The resulting ion beam is a DC beam, and to achieve greatest measurement sensitivity it must be converted into a pulsed, or “bunched” beam before it is spectrally analyzed. This is done by directing the beam into the Paul trap cooler and buncher used in TRIUMF's TITAN experiments. The Paul trap consists of a segmented linear arrangement of quadrupole electrodes, whose polarity is constantly being switched by a square radio-frequency signal. The net result of this high-frequency switching of the quadrupole field is that ions inside the trap are confined to an oscillatory motion along both axes of the quadrupole. The entire trap floats at a voltage just below the beam energy, so that the ion beam loses most of its velocity upon entering. Its segments are voltage-shifted by different DC voltages in such a way as to trap the ions in the axial direction as well. Helium or hydrogen gas fills the trap chamber, cooling the ion beam through collisions and damping out the ions' oscillatory motion (barring RFQ heating, which can occur within certain mass regimes) so that they come to rest in a local potential well. A potential “kick” from one of the quadrupole segments is used to reverse-extract the ions from the trap, resulting in a bunched beam with an energy spread of a few eV and a temporal length of ~1 μs. This experimental setup represents the first instance of a bunched ion beam being reverse-extracted from a linear Paul trap.

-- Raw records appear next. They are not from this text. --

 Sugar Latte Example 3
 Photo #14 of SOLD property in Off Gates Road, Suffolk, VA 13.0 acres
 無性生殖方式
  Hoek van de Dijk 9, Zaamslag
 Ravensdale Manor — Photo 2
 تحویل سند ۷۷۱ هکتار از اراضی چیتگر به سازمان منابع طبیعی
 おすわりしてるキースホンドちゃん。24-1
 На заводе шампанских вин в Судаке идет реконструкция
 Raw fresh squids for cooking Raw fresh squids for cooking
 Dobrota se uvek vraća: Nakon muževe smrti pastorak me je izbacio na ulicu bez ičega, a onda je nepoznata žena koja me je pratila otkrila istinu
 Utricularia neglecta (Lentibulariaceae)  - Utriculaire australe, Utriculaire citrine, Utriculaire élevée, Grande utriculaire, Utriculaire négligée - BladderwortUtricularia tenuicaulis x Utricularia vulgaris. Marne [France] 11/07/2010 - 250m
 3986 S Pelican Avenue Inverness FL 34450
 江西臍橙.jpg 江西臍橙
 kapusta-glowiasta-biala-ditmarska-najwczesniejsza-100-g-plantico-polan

So bunched, the extracted ions accelerate again to their beam-energy of roughly 30 keV, which further reduces the spread of their velocities. A minimal velocity spread is essential in order to avoid excess residual Doppler broadening of the ions' spectral peaks. The beam is deionized through charge-exchange with a hot sodium vapor, and then overlapped by the beam of a tunable laser (Ti:sapphire, dye, etc.) in collinear geometry so as to maximize the region of overlap. The laser frequency is locked throughout the experiment, and an adjustable voltage gradient is used to slightly decelerate the particle beam, Doppler-tuning it to resonance with the laser. A photomultiplier tube inside the beam-line records the fluorescence that results when an atom in the beam accepts a photon of laser light and subsequently decays from its excited state. By only accepting light signals whose timing coincides with the presence of an ion “bunch,” the background signal due to laser scattering and “dark counts” in the photomultiplier is greatly suppressed compared to a scheme using a DC beam. The gain in sensitivity is roughly equal to the ratio of the pulse duration to the time between pulses, which in this case corresponds to a noise-reduction by roughly four orders of magnitude.